The data:
------

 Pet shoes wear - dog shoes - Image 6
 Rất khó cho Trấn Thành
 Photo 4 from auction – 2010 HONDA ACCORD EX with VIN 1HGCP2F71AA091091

------

What you have to do: Your reply should be nothing but the lines from the one containing "Rất khó cho Trấn Thành" through the last line above, copied exactly; please include both ends.

Task answer:
 Rất khó cho Trấn Thành
 Photo 4 from auction – 2010 HONDA ACCORD EX with VIN 1HGCP2F71AA091091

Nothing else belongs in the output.